Por último, é claro que a religião é mais poética! Claro que anjos te observando e mares se abrindo no meio são mais poéticos! Pelo mesmo motivo, "Harry Potter" é mais lido do que "A origem das espécies". Mas não se aprende, não se evolui, não se questiona baseando-se nos floreios que uma estória exibe. Se for assim, O Ragnarök é mil vezes mais notável do que o Apocalipse.

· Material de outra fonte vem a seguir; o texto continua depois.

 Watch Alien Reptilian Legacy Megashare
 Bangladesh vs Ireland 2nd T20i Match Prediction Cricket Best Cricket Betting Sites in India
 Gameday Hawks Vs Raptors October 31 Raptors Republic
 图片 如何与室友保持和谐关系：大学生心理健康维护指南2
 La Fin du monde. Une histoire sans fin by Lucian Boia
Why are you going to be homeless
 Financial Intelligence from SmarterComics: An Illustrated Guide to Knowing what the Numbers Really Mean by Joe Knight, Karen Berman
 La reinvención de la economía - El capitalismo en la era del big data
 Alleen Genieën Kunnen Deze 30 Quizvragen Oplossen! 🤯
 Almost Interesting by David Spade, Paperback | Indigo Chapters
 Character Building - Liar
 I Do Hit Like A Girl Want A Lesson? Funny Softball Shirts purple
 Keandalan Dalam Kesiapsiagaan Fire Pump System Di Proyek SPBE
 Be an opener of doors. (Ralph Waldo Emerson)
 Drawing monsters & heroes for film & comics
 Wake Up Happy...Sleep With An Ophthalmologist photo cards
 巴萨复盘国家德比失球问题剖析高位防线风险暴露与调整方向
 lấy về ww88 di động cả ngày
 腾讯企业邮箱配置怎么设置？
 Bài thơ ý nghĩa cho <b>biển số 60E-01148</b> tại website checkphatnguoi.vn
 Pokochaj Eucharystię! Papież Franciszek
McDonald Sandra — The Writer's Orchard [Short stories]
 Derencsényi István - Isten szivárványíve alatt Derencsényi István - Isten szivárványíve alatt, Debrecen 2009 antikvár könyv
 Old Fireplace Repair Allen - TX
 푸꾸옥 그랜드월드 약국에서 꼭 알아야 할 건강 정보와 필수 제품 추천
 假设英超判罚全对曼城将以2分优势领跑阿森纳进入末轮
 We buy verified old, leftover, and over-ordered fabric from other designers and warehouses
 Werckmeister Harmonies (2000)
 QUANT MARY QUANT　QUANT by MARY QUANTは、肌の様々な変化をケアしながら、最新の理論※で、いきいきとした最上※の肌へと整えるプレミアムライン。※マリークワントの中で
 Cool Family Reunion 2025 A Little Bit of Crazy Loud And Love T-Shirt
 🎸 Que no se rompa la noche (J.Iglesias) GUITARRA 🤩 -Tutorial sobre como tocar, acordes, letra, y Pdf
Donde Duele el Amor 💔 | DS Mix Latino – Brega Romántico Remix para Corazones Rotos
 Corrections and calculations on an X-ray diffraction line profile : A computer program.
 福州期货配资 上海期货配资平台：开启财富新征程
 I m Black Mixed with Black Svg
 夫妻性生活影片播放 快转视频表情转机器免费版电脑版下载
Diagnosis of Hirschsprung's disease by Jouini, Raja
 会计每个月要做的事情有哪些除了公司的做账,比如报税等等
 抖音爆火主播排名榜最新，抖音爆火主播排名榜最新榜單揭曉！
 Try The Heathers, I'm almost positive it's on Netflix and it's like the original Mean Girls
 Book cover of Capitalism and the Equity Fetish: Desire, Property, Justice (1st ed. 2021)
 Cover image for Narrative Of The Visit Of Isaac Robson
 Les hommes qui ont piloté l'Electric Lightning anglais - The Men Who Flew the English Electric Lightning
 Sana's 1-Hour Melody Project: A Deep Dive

O ateísmo pode começar como apenas uma opção, mas diante da irracionalidade de uma sociedade dominada pela fé, a que somos expostos, muitos de nós assumem-no como uma verdadeira "'conquista' da razão ou de alguma forma de rigor moral ou 'coragem cosmológica'". Risível é basear sua conclusão nas experiências e nas palavras de outrem. Isso se chama religião.
Chesterton dizia que o problema não é deixar de crer em Deus e sim começar a crer em qualquer bobagem que dizem por ai: seja na história, na ciência ou até em si mesmo.
E lembre-se: o texto foi escrito por alguém que já foi ateu. Isso é ter conhecimento de causa.
E a maior conquista da razão foi o nazismo e o holocausto.
"Deus" pode ser também qualquer bobagem que dizem por aí.
Sim. É o que mais tem por ai.
Mas, pera lá. De que moral e bons costumes e de que caráter esta falando o Pondé? Existem infinitos tipos de moral, para cada época e para todos os gostos e fregueses, sempre em sintonia com seu tempo. Além disso, todos os tipos de moral estão em permanente mutação.
Ele está, provavelmente, se referindo à moral surgida com a chegada da modernidade, aquela que recoloca a razão como estandarte, retirando Deus do centro (antropocentrismo).